Pensó en el subdirector, cuyo sillón había visto vacío al llegar a la puerta del Banco. Se dirigió a su casa. Llamó y una voz preguntó:
– ¿Quién es…?
– Soy Ignacio, del Banco.
Al cabo de treinta segundos la puerta se abrió. Ignacio vio al subdirector, con aire sorprendentemente digno. Éste le acompañó al comedor y le presentó al hermano Juan, de los Hermanos de la Doctrina Cristiana, el cual se encontraba pegado a la radio.

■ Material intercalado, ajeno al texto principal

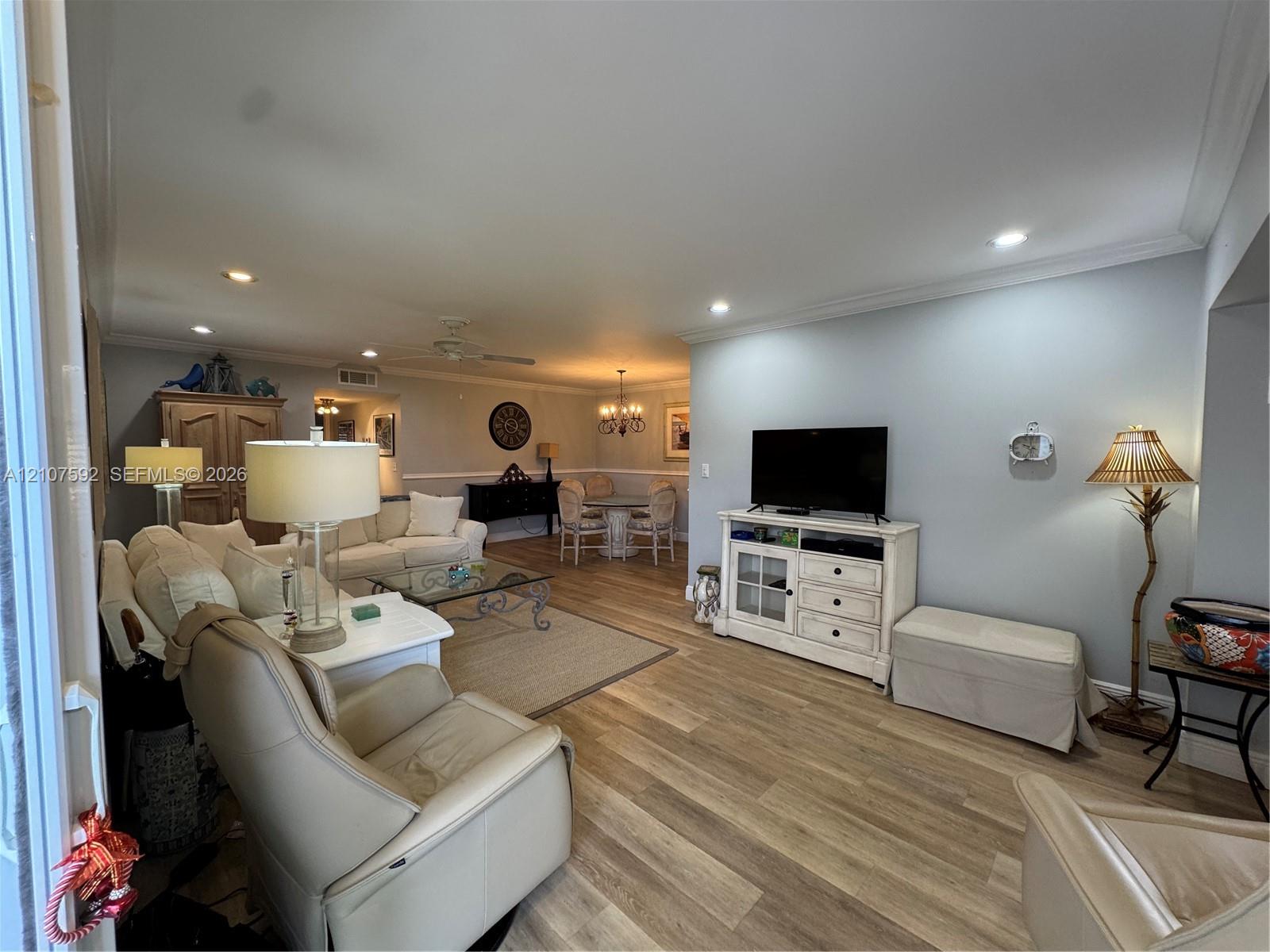 Open-concept living space featuring wood-finish flooring, recessed lighting, and crown molding Open-concept living space featuring wood-finish flooring, recessed lighting, and crown molding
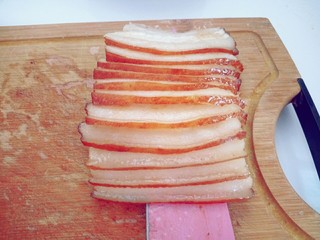 5、雪菜扣肉,切好的肉片用刀拖起。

El subdirector no le dejó hablar. Parecía no comprender que Ignacio había ido a advertirle que tenían que huir del piso, esconderse en algún sitio. El subdirector no pensaba sino en la radio, en las emisoras de onda corta. Le ordenó que se sentara y le obligó a escuchar un extraño locutor que aseguraba hablar desde Jaca. La voz decía que el triunfo militar era seguro, a pesar de que el Alzamiento hubiera fracasado, por traición, en algunas plazas. Repetía una y mil veces que toda Castilla estaba en poder de los militares, toda Galicia y parte del Sur. Daba gritos de ¡Viva España! y ponía compases de himnos marciales: el de la Legión, el de Falange.